RedMOLBINJAI.ID | Binjai – Gelombang dukungan terhadap Drs. Tengku Matsyah untuk memimpin DPD Partai NasDem Kota Binjai semakin menguat dan tak terbendung. Pasca wafatnya Ketua DPD NasDem Kota Binjai, dr. Edy Putra Sitepu, pada Rabu, 11 Februari 2026, sejumlah elemen masyarakat Melayu Kota Binjai secara terbuka menyuarakan agar tongkat estafet kepemimpinan segera diberikan kepada figur yang dinilai layak dan berakar kuat di tengah masyarakat.

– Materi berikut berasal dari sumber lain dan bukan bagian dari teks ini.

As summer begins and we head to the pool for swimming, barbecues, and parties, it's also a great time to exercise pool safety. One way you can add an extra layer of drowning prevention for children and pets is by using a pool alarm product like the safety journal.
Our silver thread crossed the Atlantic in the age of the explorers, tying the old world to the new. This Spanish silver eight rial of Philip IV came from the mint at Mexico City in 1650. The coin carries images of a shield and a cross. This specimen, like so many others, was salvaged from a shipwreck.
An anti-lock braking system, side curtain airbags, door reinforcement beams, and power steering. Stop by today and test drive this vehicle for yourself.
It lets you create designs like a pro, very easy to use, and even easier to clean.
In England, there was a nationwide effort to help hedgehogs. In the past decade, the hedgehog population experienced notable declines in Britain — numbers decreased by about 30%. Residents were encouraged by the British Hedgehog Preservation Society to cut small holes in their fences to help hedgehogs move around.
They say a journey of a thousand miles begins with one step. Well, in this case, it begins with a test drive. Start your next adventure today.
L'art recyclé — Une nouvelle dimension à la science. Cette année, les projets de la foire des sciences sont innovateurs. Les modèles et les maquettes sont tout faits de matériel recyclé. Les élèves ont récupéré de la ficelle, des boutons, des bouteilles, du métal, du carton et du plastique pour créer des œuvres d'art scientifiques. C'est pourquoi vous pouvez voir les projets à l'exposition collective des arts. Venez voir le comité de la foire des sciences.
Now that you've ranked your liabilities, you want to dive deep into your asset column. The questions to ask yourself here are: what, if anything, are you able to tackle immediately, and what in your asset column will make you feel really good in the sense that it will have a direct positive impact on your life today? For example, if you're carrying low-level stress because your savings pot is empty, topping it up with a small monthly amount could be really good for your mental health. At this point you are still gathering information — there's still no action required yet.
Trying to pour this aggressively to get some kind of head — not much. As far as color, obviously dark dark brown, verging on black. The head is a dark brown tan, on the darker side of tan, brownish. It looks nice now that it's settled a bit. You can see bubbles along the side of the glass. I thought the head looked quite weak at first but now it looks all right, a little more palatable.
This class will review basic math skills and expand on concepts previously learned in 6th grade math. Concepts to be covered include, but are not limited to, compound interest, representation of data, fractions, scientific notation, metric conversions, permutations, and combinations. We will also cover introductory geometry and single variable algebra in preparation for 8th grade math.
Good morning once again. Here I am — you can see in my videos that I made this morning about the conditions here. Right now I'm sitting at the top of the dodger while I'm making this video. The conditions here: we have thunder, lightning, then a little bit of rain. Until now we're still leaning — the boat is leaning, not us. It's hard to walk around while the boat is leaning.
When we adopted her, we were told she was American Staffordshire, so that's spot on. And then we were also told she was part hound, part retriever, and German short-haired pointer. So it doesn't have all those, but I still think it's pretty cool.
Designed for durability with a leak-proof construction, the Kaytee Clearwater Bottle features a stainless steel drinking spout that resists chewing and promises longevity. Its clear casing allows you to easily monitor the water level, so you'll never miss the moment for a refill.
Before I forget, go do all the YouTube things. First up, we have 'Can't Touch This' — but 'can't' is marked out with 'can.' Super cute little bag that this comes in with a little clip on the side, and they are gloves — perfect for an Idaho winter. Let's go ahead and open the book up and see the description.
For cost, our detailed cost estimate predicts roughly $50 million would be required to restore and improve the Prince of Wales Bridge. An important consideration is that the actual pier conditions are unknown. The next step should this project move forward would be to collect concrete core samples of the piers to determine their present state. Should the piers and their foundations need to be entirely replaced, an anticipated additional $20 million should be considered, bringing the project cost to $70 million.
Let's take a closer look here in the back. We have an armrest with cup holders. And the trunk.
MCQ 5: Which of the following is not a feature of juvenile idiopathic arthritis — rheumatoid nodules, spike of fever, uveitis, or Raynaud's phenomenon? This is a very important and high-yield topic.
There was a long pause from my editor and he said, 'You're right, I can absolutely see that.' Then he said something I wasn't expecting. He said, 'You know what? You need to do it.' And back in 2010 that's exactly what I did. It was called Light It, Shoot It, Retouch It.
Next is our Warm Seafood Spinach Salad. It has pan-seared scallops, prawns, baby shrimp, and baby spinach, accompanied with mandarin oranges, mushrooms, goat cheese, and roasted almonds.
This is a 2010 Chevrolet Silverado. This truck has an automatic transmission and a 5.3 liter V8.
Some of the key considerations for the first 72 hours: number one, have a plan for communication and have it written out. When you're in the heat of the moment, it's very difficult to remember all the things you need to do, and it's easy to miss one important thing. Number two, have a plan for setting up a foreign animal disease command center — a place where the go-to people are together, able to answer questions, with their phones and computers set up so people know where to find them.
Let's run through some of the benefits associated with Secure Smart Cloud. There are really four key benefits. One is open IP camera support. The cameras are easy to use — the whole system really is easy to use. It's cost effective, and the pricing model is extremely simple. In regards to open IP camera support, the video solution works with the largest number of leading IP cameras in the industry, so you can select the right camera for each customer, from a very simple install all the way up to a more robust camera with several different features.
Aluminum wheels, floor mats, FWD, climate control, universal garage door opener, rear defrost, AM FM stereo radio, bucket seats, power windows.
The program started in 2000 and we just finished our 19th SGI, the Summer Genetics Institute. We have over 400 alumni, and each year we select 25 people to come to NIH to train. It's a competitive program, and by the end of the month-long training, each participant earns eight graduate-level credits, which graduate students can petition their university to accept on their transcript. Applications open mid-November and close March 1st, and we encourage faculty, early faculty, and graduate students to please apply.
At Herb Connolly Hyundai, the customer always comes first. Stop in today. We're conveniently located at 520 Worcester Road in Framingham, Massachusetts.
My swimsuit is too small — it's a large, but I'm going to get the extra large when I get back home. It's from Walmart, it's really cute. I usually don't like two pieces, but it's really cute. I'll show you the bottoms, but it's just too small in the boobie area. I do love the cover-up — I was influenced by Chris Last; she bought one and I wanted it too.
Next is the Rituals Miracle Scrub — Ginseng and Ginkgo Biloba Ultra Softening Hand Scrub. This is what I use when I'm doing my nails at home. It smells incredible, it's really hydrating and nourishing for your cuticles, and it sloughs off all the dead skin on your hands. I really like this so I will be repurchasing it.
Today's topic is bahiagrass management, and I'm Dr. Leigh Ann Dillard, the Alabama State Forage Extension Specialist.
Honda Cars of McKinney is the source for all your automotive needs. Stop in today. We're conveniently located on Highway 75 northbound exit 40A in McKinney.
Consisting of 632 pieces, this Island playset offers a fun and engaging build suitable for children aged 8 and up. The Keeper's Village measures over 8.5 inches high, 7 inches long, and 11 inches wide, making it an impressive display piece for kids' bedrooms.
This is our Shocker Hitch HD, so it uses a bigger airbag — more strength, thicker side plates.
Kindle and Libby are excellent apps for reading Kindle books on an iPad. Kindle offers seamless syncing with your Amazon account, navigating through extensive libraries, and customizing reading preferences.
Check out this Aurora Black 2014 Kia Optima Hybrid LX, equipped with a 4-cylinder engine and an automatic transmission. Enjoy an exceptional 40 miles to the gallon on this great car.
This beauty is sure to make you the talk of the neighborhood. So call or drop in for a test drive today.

Nama Drs. Tengku Matsyah mencuat sebagai kandidat terkuat. Ia dinilai bukan sekadar tokoh simbolik, tetapi figur yang memiliki rekam jejak sosial, kedekatan dengan akar rumput, serta pemahaman mendalam terhadap kultur dan dinamika politik lokal Kota Binjai.
Tokoh pemuda Melayu Kota Binjai, Zulkarnain Idrus, menegaskan bahwa momentum ini tidak boleh diisi oleh kepentingan pragmatis atau kompromi elite semata.
“Ini bukan soal jabatan, tapi soal keberlanjutan dan marwah partai di Kota Binjai. Kami mendorong Drs. Tengku Matsyah karena beliau figur yang matang, berintegritas, dan punya komitmen membesarkan partai. Jangan sampai proses ini diwarnai manuver yang mengabaikan aspirasi masyarakat,” tegas Zulkarnain.
Senada dengan itu, tokoh masyarakat Kota Binjai, Amsar Nasution, juga menyampaikan dukungan terbuka. Ia menilai Partai NasDem membutuhkan pemimpin yang mampu menjaga soliditas internal sekaligus memperluas basis dukungan eksternal.
“Partai harus dipimpin oleh sosok yang dikenal dan diterima luas oleh masyarakat. Drs. Tengku Matsyah punya kapasitas itu. Kami berharap DPW dan DPP NasDem objektif membaca arus dukungan ini. Jangan sampai suara akar rumput diabaikan,” ujar Amsar Nasution.
Desakan ini disebut-sebut bukan hanya datang dari kalangan tokoh Melayu, tetapi juga dari simpatisan dan kader di tingkat bawah yang menginginkan kepemimpinan yang tegas, komunikatif, serta mampu mengonsolidasikan kekuatan partai menjelang agenda politik mendatang.
Hingga berita ini diterbitkan, belum ada keputusan resmi terkait mekanisme penunjukan atau pemilihan Ketua DPD NasDem Kota Binjai yang baru. Namun tekanan moral dan politik dari berbagai elemen masyarakat semakin nyata.
RedMOLBINJAI.ID mencatat, dinamika ini menjadi ujian bagi struktur partai dalam merespons aspirasi publik secara transparan dan demokratis. Jika aspirasi yang berkembang diabaikan, bukan tidak mungkin akan muncul resistensi internal yang berpotensi memengaruhi soliditas partai di Kota Binjai.